> [Exercise prompt]: Return the data below unchanged, without images.

> [Data shown]:
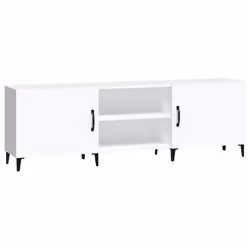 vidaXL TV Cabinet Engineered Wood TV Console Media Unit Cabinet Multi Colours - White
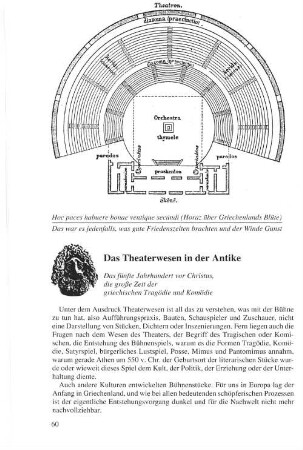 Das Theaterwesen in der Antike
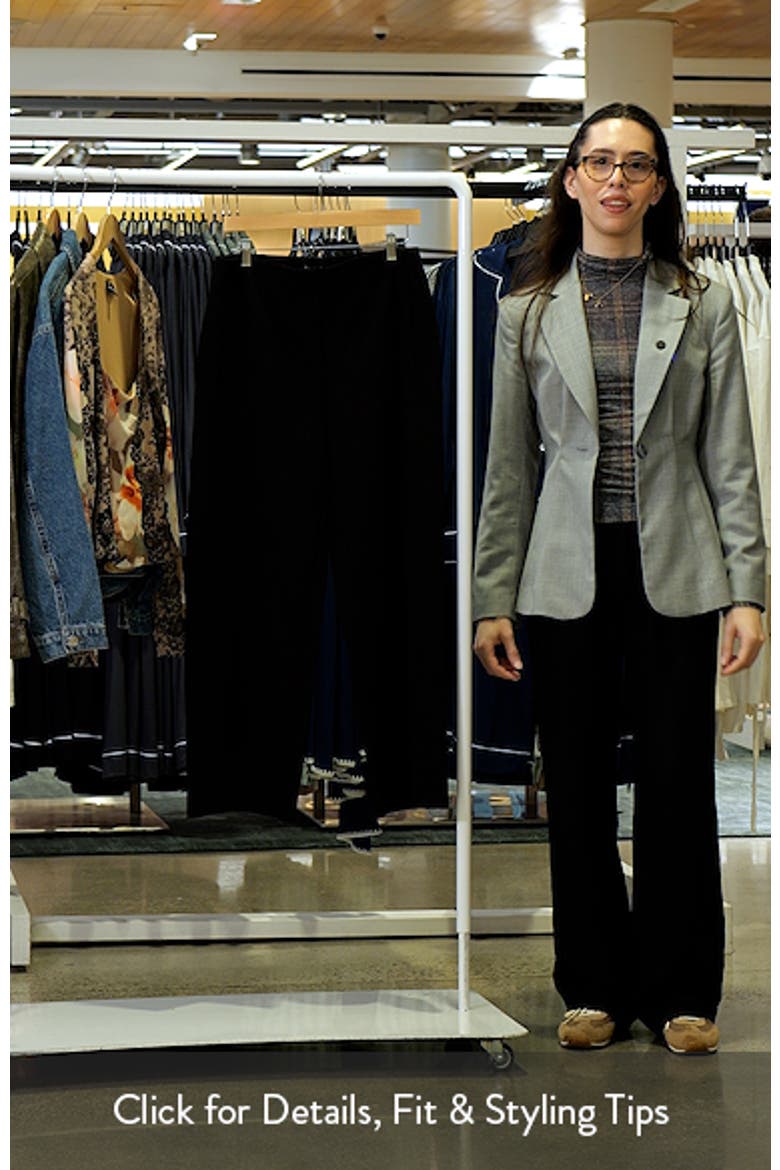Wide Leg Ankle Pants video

> [Output of the task]:
 vidaXL TV Cabinet Engineered Wood TV Console Media Unit Cabinet Multi Colours - White
 Das Theaterwesen in der Antike
Wide Leg Ankle Pants video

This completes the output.